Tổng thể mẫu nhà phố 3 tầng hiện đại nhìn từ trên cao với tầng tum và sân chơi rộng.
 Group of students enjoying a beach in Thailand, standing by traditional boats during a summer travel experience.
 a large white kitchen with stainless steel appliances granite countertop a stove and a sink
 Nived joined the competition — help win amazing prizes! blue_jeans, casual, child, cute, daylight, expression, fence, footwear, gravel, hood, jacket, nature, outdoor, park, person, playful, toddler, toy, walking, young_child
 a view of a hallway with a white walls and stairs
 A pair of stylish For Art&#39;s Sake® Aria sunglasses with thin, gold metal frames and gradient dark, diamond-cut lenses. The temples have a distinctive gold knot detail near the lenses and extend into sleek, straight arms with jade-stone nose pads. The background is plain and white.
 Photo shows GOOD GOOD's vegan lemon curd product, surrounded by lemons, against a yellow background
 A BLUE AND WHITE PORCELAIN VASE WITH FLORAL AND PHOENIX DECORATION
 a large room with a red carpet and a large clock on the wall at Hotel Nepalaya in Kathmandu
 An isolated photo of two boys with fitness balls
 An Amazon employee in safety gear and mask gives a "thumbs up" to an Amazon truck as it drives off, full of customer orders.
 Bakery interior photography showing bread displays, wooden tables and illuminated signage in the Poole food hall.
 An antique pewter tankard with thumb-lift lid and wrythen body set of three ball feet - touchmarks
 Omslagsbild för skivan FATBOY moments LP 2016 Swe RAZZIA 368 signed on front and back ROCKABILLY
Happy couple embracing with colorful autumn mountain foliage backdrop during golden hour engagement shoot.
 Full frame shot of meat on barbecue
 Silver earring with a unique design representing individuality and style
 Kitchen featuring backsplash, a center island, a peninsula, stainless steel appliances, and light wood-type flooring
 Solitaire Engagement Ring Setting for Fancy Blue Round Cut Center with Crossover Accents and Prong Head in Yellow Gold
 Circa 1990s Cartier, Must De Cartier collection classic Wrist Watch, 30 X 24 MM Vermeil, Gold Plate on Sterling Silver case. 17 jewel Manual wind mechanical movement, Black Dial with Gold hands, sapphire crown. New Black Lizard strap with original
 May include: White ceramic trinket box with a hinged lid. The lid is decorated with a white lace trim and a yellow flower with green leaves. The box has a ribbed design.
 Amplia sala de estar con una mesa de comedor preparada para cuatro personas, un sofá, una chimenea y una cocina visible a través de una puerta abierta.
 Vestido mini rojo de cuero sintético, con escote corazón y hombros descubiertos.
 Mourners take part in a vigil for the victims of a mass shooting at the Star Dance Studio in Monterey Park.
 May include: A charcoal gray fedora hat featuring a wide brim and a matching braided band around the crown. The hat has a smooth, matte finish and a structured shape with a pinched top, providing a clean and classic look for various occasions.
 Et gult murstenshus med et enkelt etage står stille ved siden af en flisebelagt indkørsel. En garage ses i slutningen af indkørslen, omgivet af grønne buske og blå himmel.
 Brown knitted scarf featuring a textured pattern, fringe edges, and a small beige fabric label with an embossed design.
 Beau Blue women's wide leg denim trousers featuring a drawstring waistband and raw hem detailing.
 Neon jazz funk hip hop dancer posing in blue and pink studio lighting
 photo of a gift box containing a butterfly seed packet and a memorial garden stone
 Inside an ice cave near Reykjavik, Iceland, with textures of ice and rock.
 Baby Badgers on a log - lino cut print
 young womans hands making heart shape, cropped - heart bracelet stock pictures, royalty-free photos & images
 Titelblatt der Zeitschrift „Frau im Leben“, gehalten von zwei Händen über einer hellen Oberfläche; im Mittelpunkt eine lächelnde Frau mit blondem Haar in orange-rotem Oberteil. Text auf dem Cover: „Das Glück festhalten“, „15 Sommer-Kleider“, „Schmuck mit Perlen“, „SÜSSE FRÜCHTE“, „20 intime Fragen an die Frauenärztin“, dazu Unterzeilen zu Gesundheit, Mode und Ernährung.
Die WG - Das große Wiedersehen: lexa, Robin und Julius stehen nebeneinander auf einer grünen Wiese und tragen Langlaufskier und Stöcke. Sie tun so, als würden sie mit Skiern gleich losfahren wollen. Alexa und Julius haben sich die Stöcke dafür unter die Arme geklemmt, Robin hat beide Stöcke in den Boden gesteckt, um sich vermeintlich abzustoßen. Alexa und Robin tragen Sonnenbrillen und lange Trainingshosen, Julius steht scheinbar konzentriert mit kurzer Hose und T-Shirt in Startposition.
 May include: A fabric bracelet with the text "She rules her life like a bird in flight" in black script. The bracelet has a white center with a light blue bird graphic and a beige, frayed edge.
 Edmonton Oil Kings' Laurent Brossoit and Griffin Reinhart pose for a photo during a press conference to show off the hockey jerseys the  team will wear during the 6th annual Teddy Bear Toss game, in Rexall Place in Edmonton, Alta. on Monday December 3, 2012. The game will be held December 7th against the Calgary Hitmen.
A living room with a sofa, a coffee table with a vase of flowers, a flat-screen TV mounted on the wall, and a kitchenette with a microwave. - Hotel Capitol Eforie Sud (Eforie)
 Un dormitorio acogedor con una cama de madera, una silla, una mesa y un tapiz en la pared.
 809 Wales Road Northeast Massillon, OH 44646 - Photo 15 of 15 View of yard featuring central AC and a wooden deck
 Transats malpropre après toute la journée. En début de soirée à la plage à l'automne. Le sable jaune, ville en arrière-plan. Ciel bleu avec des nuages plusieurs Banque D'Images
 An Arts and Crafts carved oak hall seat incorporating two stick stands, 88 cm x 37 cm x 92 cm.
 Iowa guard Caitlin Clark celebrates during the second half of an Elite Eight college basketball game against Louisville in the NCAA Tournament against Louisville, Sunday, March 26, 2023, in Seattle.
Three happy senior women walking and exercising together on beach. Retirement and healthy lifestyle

EXERCISE BRIEF: The entries above are to be copied word for word.

OUTPUT FOR THIS EXERCISE:
Tổng thể mẫu nhà phố 3 tầng hiện đại nhìn từ trên cao với tầng tum và sân chơi rộng.
 Group of students enjoying a beach in Thailand, standing by traditional boats during a summer travel experience.
 a large white kitchen with stainless steel appliances granite countertop a stove and a sink
 Nived joined the competition — help win amazing prizes! blue_jeans, casual, child, cute, daylight, expression, fence, footwear, gravel, hood, jacket, nature, outdoor, park, person, playful, toddler, toy, walking, young_child
 a view of a hallway with a white walls and stairs
 A pair of stylish For Art&#39;s Sake® Aria sunglasses with thin, gold metal frames and gradient dark, diamond-cut lenses. The temples have a distinctive gold knot detail near the lenses and extend into sleek, straight arms with jade-stone nose pads. The background is plain and white.
 Photo shows GOOD GOOD's vegan lemon curd product, surrounded by lemons, against a yellow background
 A BLUE AND WHITE PORCELAIN VASE WITH FLORAL AND PHOENIX DECORATION
 a large room with a red carpet and a large clock on the wall at Hotel Nepalaya in Kathmandu
 An isolated photo of two boys with fitness balls
 An Amazon employee in safety gear and mask gives a "thumbs up" to an Amazon truck as it drives off, full of customer orders.
 Bakery interior photography showing bread displays, wooden tables and illuminated signage in the Poole food hall.
 An antique pewter tankard with thumb-lift lid and wrythen body set of three ball feet - touchmarks
 Omslagsbild för skivan FATBOY moments LP 2016 Swe RAZZIA 368 signed on front and back ROCKABILLY
Happy couple embracing with colorful autumn mountain foliage backdrop during golden hour engagement shoot.
 Full frame shot of meat on barbecue
 Silver earring with a unique design representing individuality and style
 Kitchen featuring backsplash, a center island, a peninsula, stainless steel appliances, and light wood-type flooring
 Solitaire Engagement Ring Setting for Fancy Blue Round Cut Center with Crossover Accents and Prong Head in Yellow Gold
 Circa 1990s Cartier, Must De Cartier collection classic Wrist Watch, 30 X 24 MM Vermeil, Gold Plate on Sterling Silver case. 17 jewel Manual wind mechanical movement, Black Dial with Gold hands, sapphire crown. New Black Lizard strap with original
 May include: White ceramic trinket box with a hinged lid. The lid is decorated with a white lace trim and a yellow flower with green leaves. The box has a ribbed design.
 Amplia sala de estar con una mesa de comedor preparada para cuatro personas, un sofá, una chimenea y una cocina visible a través de una puerta abierta.
 Vestido mini rojo de cuero sintético, con escote corazón y hombros descubiertos.
 Mourners take part in a vigil for the victims of a mass shooting at the Star Dance Studio in Monterey Park.
 May include: A charcoal gray fedora hat featuring a wide brim and a matching braided band around the crown. The hat has a smooth, matte finish and a structured shape with a pinched top, providing a clean and classic look for various occasions.
 Et gult murstenshus med et enkelt etage står stille ved siden af en flisebelagt indkørsel. En garage ses i slutningen af indkørslen, omgivet af grønne buske og blå himmel.
 Brown knitted scarf featuring a textured pattern, fringe edges, and a small beige fabric label with an embossed design.
 Beau Blue women's wide leg denim trousers featuring a drawstring waistband and raw hem detailing.
 Neon jazz funk hip hop dancer posing in blue and pink studio lighting
 photo of a gift box containing a butterfly seed packet and a memorial garden stone
 Inside an ice cave near Reykjavik, Iceland, with textures of ice and rock.
 Baby Badgers on a log - lino cut print
 young womans hands making heart shape, cropped - heart bracelet stock pictures, royalty-free photos & images
 Titelblatt der Zeitschrift „Frau im Leben“, gehalten von zwei Händen über einer hellen Oberfläche; im Mittelpunkt eine lächelnde Frau mit blondem Haar in orange-rotem Oberteil. Text auf dem Cover: „Das Glück festhalten“, „15 Sommer-Kleider“, „Schmuck mit Perlen“, „SÜSSE FRÜCHTE“, „20 intime Fragen an die Frauenärztin“, dazu Unterzeilen zu Gesundheit, Mode und Ernährung.
Die WG - Das große Wiedersehen: lexa, Robin und Julius stehen nebeneinander auf einer grünen Wiese und tragen Langlaufskier und Stöcke. Sie tun so, als würden sie mit Skiern gleich losfahren wollen. Alexa und Julius haben sich die Stöcke dafür unter die Arme geklemmt, Robin hat beide Stöcke in den Boden gesteckt, um sich vermeintlich abzustoßen. Alexa und Robin tragen Sonnenbrillen und lange Trainingshosen, Julius steht scheinbar konzentriert mit kurzer Hose und T-Shirt in Startposition.
 May include: A fabric bracelet with the text "She rules her life like a bird in flight" in black script. The bracelet has a white center with a light blue bird graphic and a beige, frayed edge.
 Edmonton Oil Kings' Laurent Brossoit and Griffin Reinhart pose for a photo during a press conference to show off the hockey jerseys the  team will wear during the 6th annual Teddy Bear Toss game, in Rexall Place in Edmonton, Alta. on Monday December 3, 2012. The game will be held December 7th against the Calgary Hitmen.
A living room with a sofa, a coffee table with a vase of flowers, a flat-screen TV mounted on the wall, and a kitchenette with a microwave. - Hotel Capitol Eforie Sud (Eforie)
 Un dormitorio acogedor con una cama de madera, una silla, una mesa y un tapiz en la pared.
 809 Wales Road Northeast Massillon, OH 44646 - Photo 15 of 15 View of yard featuring central AC and a wooden deck
 Transats malpropre après toute la journée. En début de soirée à la plage à l'automne. Le sable jaune, ville en arrière-plan. Ciel bleu avec des nuages plusieurs Banque D'Images
 An Arts and Crafts carved oak hall seat incorporating two stick stands, 88 cm x 37 cm x 92 cm.
 Iowa guard Caitlin Clark celebrates during the second half of an Elite Eight college basketball game against Louisville in the NCAA Tournament against Louisville, Sunday, March 26, 2023, in Seattle.
Three happy senior women walking and exercising together on beach. Retirement and healthy lifestyle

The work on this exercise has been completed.